Would you print out all of the data exactly and keep the pictures out of it?

[[ Recorded information, beginning ]]

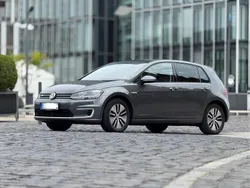 Gebraucht 2019 VW e-Golf Kleinwagen | 18.400 € (Teuer)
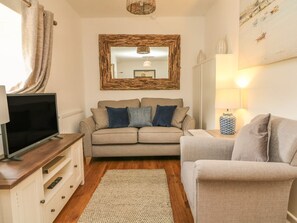 Living area - Wren Cottage, Ilfracombe (Ilfracombe)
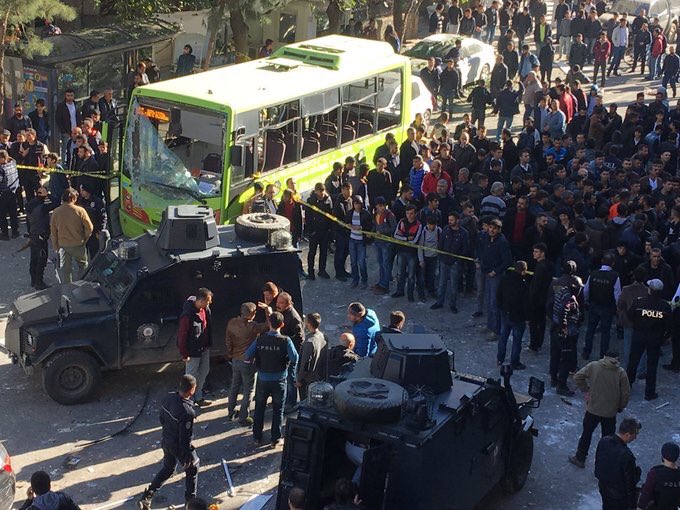 20161104095317_cwzhtirxuaaq78h-1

[[ Recorded information, end ]]

* Solution to this task:
 Gebraucht 2019 VW e-Golf Kleinwagen | 18.400 € (Teuer)
 Living area - Wren Cottage, Ilfracombe (Ilfracombe)
 20161104095317_cwzhtirxuaaq78h-1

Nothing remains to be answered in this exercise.